How long are you waiting for the "next" coat? If it's really dry, then it will not bubble up. It could be that your're pressing on the taping knife too hard and pushing the mud out from under it. Then when you put the next coat on, the moisture is allowing it to lift from the drywall.

Have you tried using a durabond for the taping coat? It sets up much like concrete rather than drying like premixed compound. Since I've made the switch...I would never go back to pre-mixed...even for the top coat....use the easy sand dry, mix what you want/need. For small areas and patches, I love the 20 minute mud.


----------



## Knucklez (Oct 21, 2007)

i wait atleast 24 hrs before next coat.

but the original coat, i.e. mud between wall & tape, i press the tape down HARD into the mud. maybe yes.. i am squishing out all the mud & then moisture lifts the tape on 2nd coat. 

your theory seems to match my experience. could be true. i'll keep this in mind for next time (though my wife is loosing patience with my lack of tape/mud skillz) :thumbsup:

Knucklez


----------



## RippySkippy (Feb 9, 2007)

Years ago when I just started messing with this stuff...I found that I over-worked the mud, and would end up with a bigger mess than when I started. Work on your techniques, the key is moderation...don't push too hard...but "hard enough", don't use mud too thin..."but thin enough"...don't over sand...but "sand just enough". Time and experience will provide you with the "enough" parameters...

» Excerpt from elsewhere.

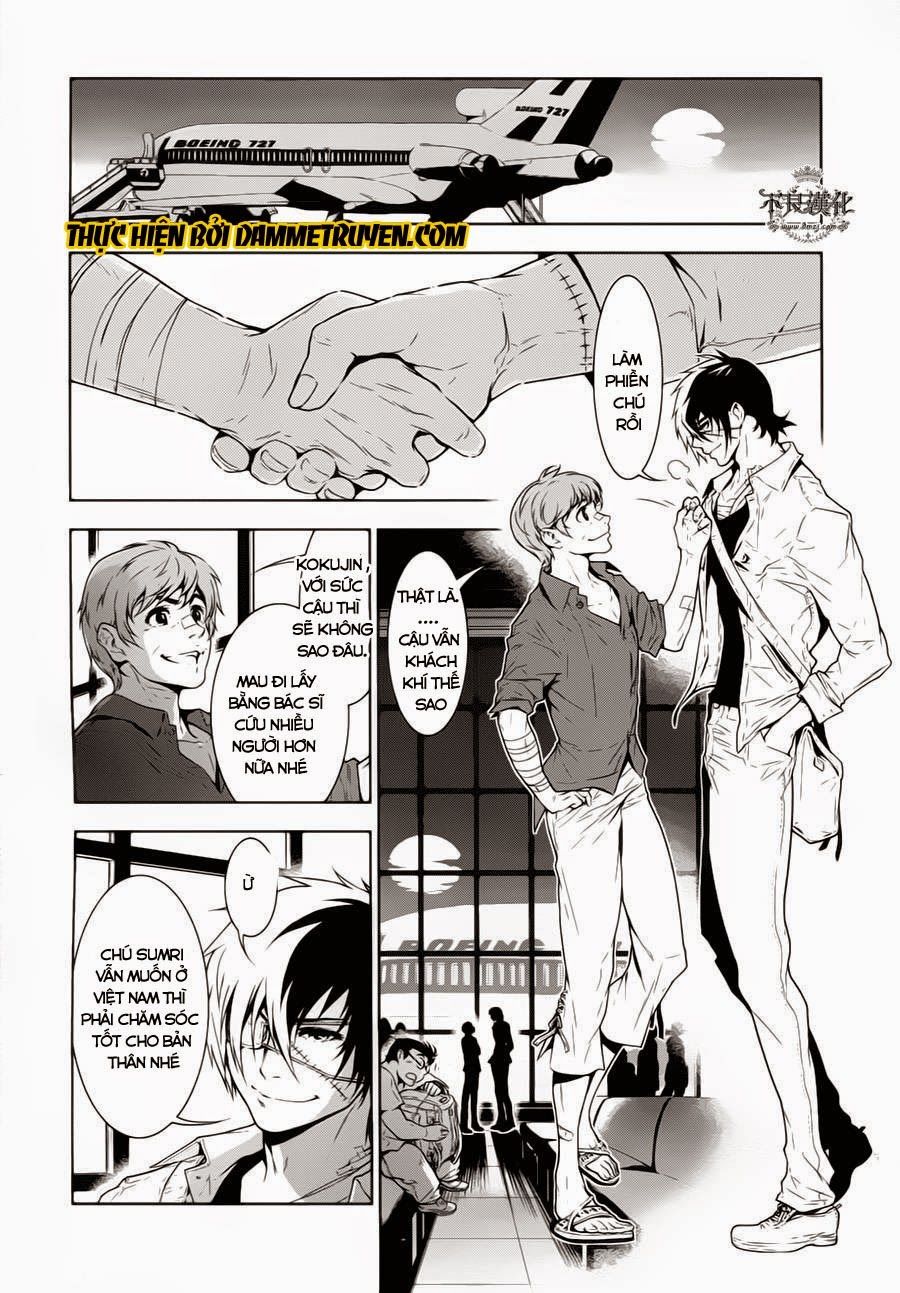 Thời Niên Thiếu Của Black Jack: Chapter 13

Everyone has their techniques that work...and no one can make you into a drywall finisher. You have to put in the hours or find yourself a really good mentor...it's not rocket science...but it does require a touch. Hang in there...it'll come to ya...but it will take time....


----------



## mark942 (Feb 2, 2008)

Any good tips on taping butt sections?


----------



## bjbatlanta (Jul 16, 2008)

If your tape bubbles after 24 hrs. of drying, you're not getting enough mud under the tape - a nice even coat. There are voids in there. If you do use mesh (flats only, always paper in the corners) use a setting type compound for AT LEAST the first coat. The EZ sand products available at the big boxes are fine. And a couple of thin coats over the tape are better than trying to pile the mud on to cover with one coat....


----------



## skeeter 152 (Nov 17, 2008)

anyone use auto taping tools?


----------



## bjbatlanta (Jul 16, 2008)

For DIYer's??


----------



## Sir MixAlot (Apr 4, 2008)

mark942 said:


> Any good tips on taping butt sections?


 
Mark, When hand taping on my butt joints, I use fiber tape. 2nd, use a 6" knife and durabond (Place mud about 5"'s wide). let dry. 3rd,use a 12" knife each side of previous coat w/all purpose joint compound (place mud 11"'s wide on each side of seam). Let dry. 4th, sand center and edges lightly. 5th, check for flatness w/ 12" knife by placing horizontally to the seam. 6th, add mud as need for flatness.:thumbsup:


----------



## mark942 (Feb 2, 2008)

Sir MixAlot said:


> Mark, When hand taping on my butt joints, I use fiber tape. 2nd, use a 6" knife and durabond (Place mud about 5"'s wide). let dry. 3rd,use a 12" knife each side of previous coat w/all purpose joint compound (place mud 11"'s wide on each side of seam). Let dry. 4th, sand center and edges lightly. 5th, check for flatness w/ 12" knife by placing horizontally to the seam. 6th, add mud as need for flatness.:thumbsup:




Thank you Sir mixalot for reaffirming that it just takes a bit more time to do. I have to admit to having a bit of a bulge at that particular seam. I have even gone as far as beveling the edges with a grader to help this problem. But it all boils down to 1,2,3,4,5,6,7,steps, and maybe 8 in my case. Thanks once again.


----------



## Willie T (Jan 29, 2009)

RippySkippy said:


> Years ago when I just started messing with this stuff...I found that I over-worked the mud, and would end up with a bigger mess than when I started. Work on your techniques, the key is moderation...don't push too hard...but "hard enough", don't use mud too thin..."but thin enough"...don't over sand...but "sand just enough". Time and experience will provide you with the "enough" parameters...
> 
> Everyone has their techniques that work...and no one can make you into a drywall finisher. You have to put in the hours or find yourself a really good mentor...it's not rocket science...but it does require a touch. Hang in there...it'll come to ya...but it will take time....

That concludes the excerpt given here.